## Records

- - -

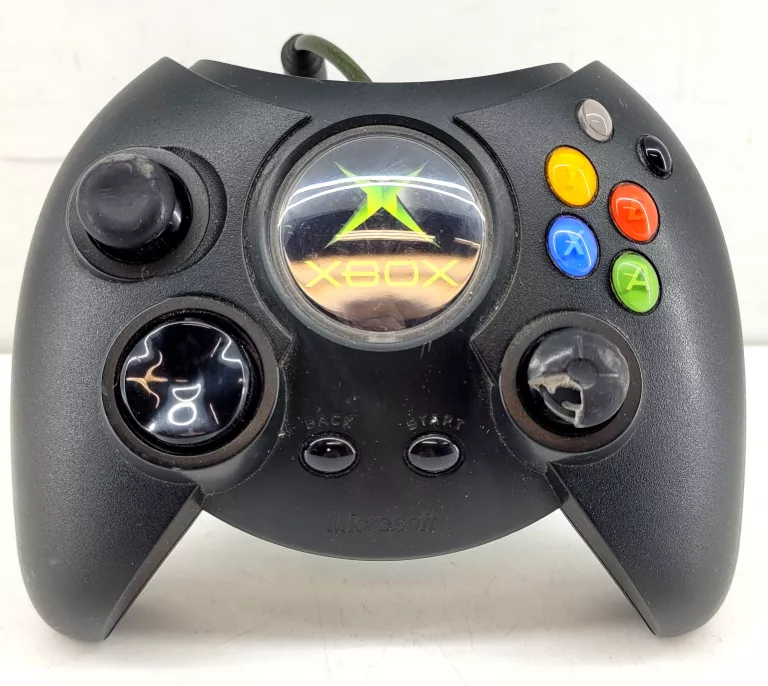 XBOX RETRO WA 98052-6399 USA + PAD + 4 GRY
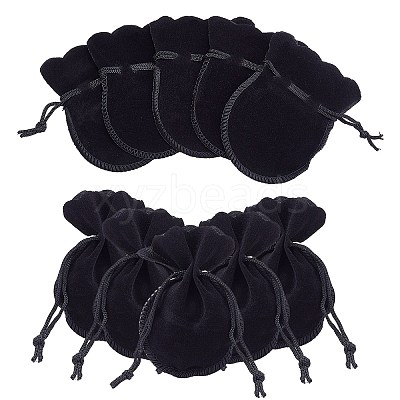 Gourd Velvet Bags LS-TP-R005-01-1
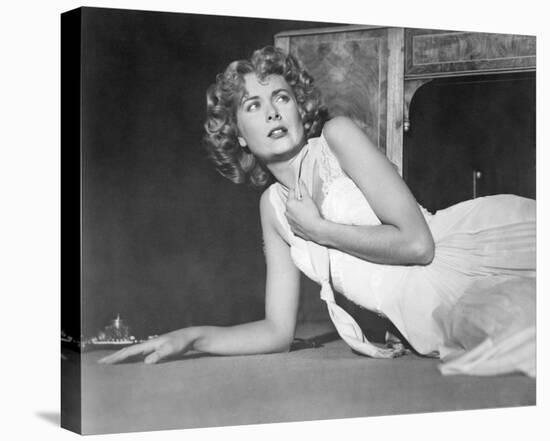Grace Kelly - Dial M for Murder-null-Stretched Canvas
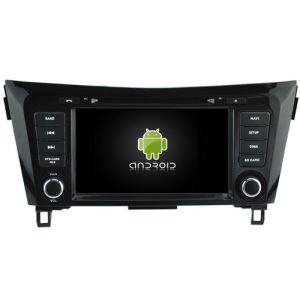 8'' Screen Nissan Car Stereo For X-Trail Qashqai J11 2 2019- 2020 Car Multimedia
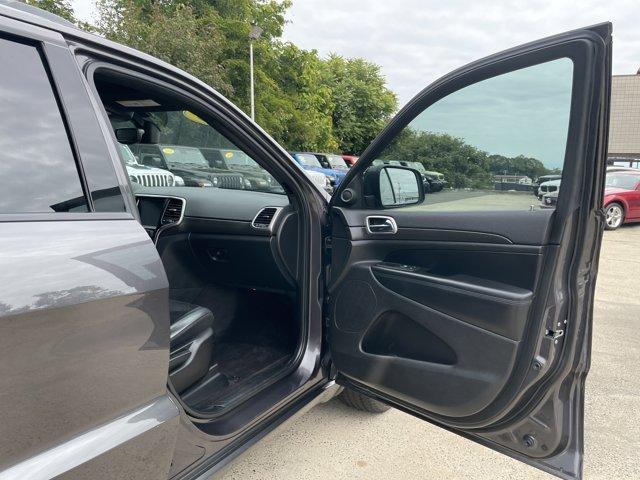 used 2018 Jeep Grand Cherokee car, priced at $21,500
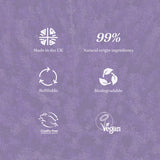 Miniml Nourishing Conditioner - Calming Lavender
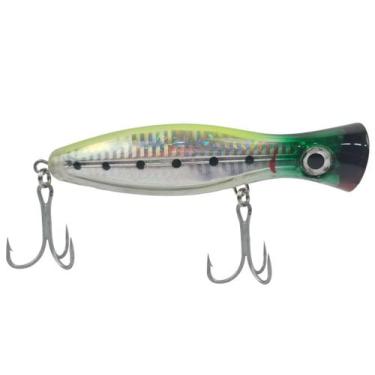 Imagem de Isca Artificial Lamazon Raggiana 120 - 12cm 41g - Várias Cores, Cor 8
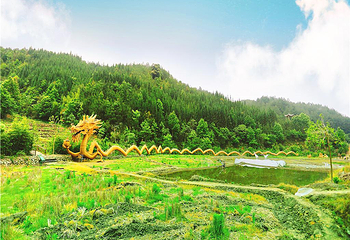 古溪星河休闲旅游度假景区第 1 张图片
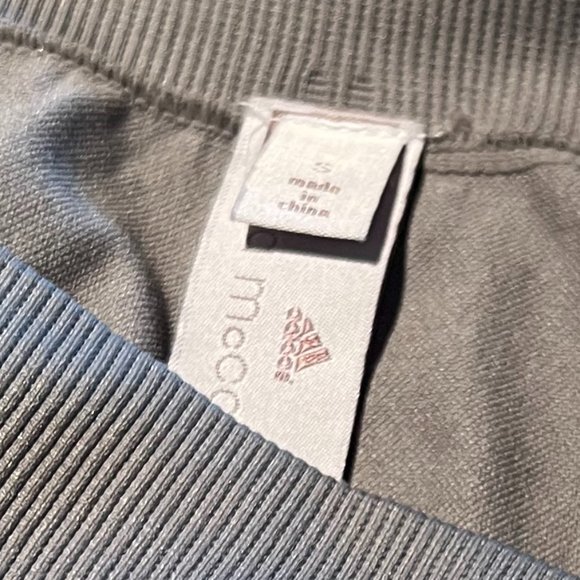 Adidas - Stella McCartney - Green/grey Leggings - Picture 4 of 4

- - -

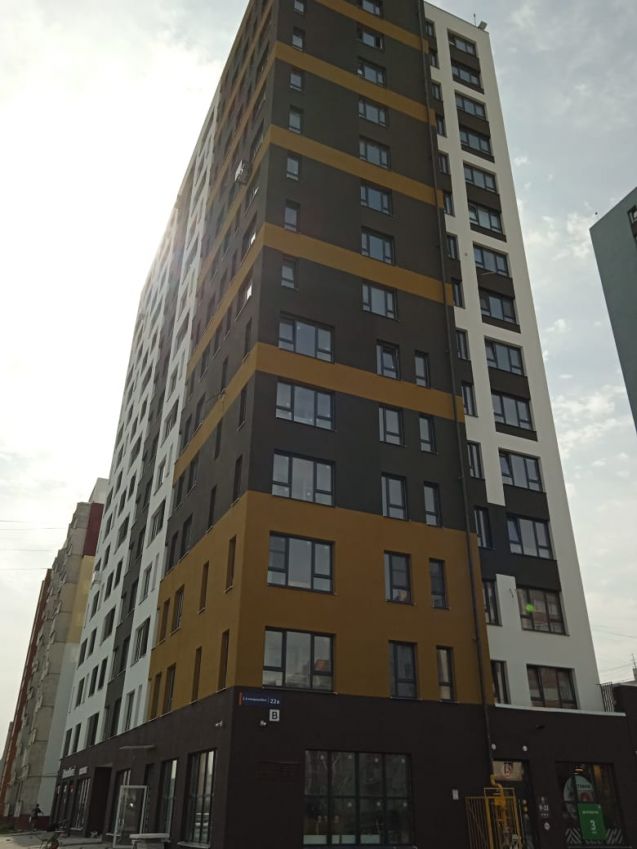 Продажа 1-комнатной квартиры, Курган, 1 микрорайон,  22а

- - -

## Work to be completed
What you need to produce is an exact copy of the entries above, limited to the lines from the one with "Grace Kelly - Dial" up to and including the one with "Adidas - Stella", without pictures.

## Task result
Grace Kelly - Dial M for Murder-null-Stretched Canvas
 8'' Screen Nissan Car Stereo For X-Trail Qashqai J11 2 2019- 2020 Car Multimedia
 used 2018 Jeep Grand Cherokee car, priced at $21,500
 Miniml Nourishing Conditioner - Calming Lavender
 Imagem de Isca Artificial Lamazon Raggiana 120 - 12cm 41g - Várias Cores, Cor 8
 古溪星河休闲旅游度假景区第 1 张图片
 Adidas - Stella McCartney - Green/grey Leggings - Picture 4 of 4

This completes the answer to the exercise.